NEW YORK -- Before this tournament began, everyone expected two Americans to be playing in today's U.S. Open men's final. But no one expected No. 2 seed Andre Agassi to be playing No. 7 Todd Martin.
The expectation was for No. 1 Pete Sampras to be in Martin's place, but Sampras was forced to pull out with a back injury before playing even one match here, opening the door to someone else.
That someone turned out to be Martin.
"I said before the tournament, that if I was in the finals, I would like to be playing Pete, assuming he was the best player on the other side of the draw," said Agassi, after beating No. 3 Yevgeny Kafelnikov, 1-6, 6-3, 6-3, 6-3, in the semifinals yesterday.
"But when he pulled out, I still wanted to play the best player on the other side of the draw.
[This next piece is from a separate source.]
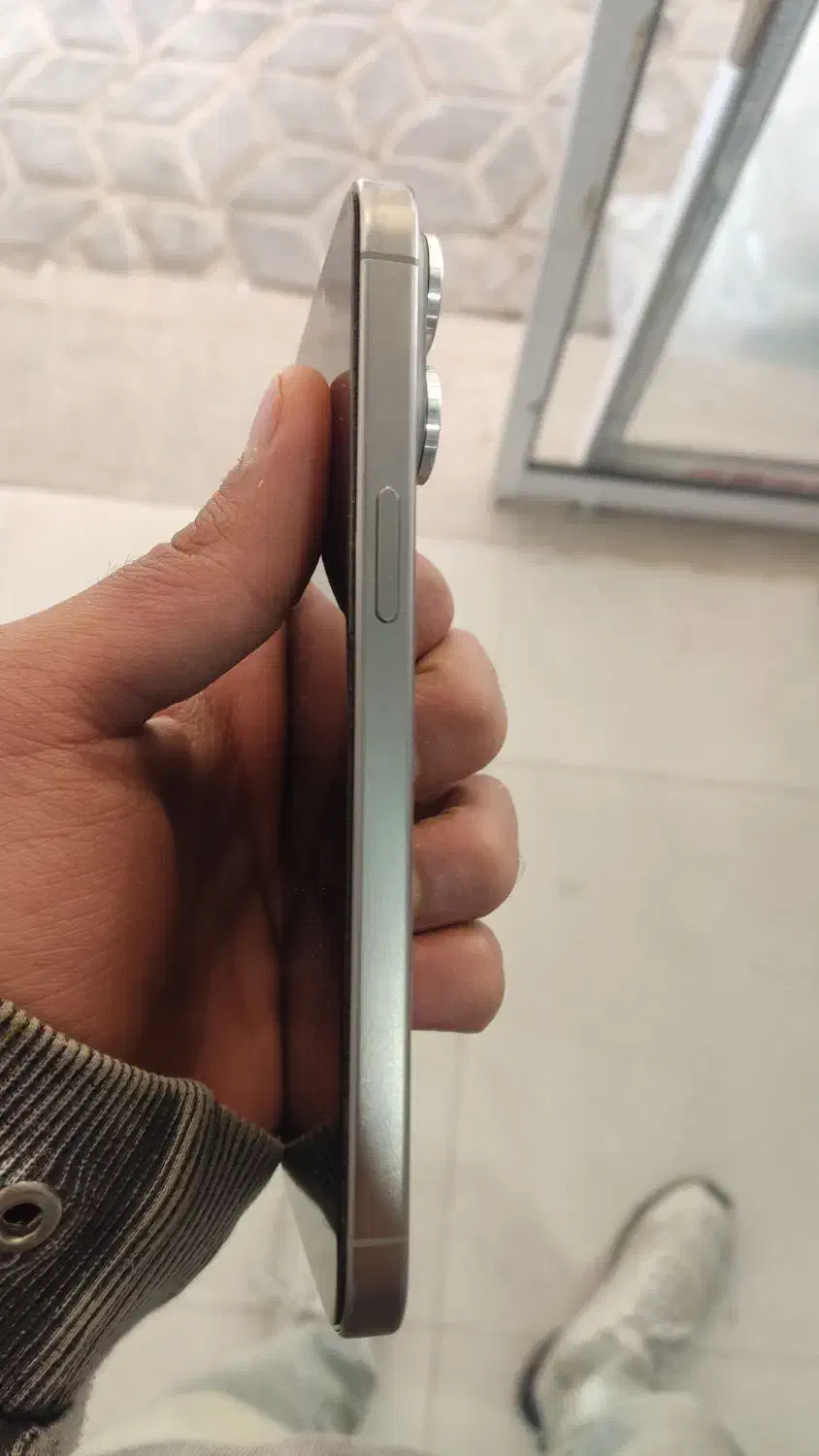 ایفون 15پرو مکس باطری93%|موبایل|شاهین‌شهر, نبوت|دیوار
And it's Todd Martin. He's done some incredible things to get here. It's been great watching him."
Martin, who had to receive intravenous fluids after one of his matches and has spent long periods in the training room after every match, kept his hopes alive for this Grand Slam title with a surprisingly easy, 6-4, 6-1, 6-2 victory over Cedric Pioline, an unseeded, 30-year-old Frenchman.
Although there have been 62 all-American men's finals in the history of the U.S. championships, the Agassi-Martin meeting will be only the fifth of the Open era (post 1967).
And in this one, there couldn't be two men of greater contrast.
Agassi will be playing in his third Grand Slam final of the year, while Martin will be playing in the second of his nine-year career.
Agassi will be seeking his fifth Grand Slam title, having won the French Open in June to become only the fifth man in the history of men's tennis to win all four Slam events -- the Australian Open, the French Open, Wimbledon and the U.S. Open -- in a career.
He will be trying for his second U.S. Open title. The first one came in 1994, when he beat Michael Stich, 6-1, 7-6, 7-5.
For Martin, a victory would be his first major title, and do a lot for his recognition factor.
Agassi, of course, is the consummate showman, while Martin is Mr. Nice Guy.
"I'm glad I'm playing Andre," Martin said. "It means a lot more people will be watching."
To get to this final, Martin has had one opponent retire due to injury, but he has also had to win two five-set thrillers and a challenging four-setter before reaching yesterday's semifinal. In the semi, he needed just 1 hour, 36 minutes to do away with Pioline.
"Todd just played too good," Pioline said. "Every time I had a break point or an opportunity, he came up with big serve or the big shot. I think if he plays like this in [the] final, he has a chance."
The only obvious similarity between Agassi and Martin is how they're playing, a fact both acknowledged yesterday.
"I've felt that I'm playing the best tennis of my life at this tournament and over the last nine or 10 months," Martin said. "But I don't have to play great tennis tomorrow to win. I only have to play better than the other guy. That's what I'll try to do. We'll see what happens."
Agassi said he also feels on top of his game.
"At this time of my life, it's the best I've ever played," he said. "I think you can only be asked to do so much in each situation. I felt good about the way I played today but I always hope to get better."
Yesterday, when Kafelnikov rolled through him, 6-1, in the first set, Agassi upped his intensity.
"The things I admire about Andre is the power he performs with from the baseline when he's really on top of his game, and his ground strokes," said Kafelnikov, who was frustrated by both Agassi and the swirling wind. "It's incredible what he is trying to do on the court, and that is what makes him so special.
"I said Agassi, me or [Richard] Krajicek are only ones who can win [the] title." continued Kafelnikov, who will be No. 2 in the world tomorrow. "Andre is in good condition. It is that and his strength that is going to make the difference [in the final]. All of 1999 is his year."
Andre Agassi vs. Todd Martin
When: Today, 4 p.m.
TV: Chs. 13, 9
Seeds: Agassi No. 2, Martin No. 7
Head-to-head: Agassi leads, 9-5.
Fact: It's the first all-American men's final since 1996, when Pete Sampras beat Michael Chang.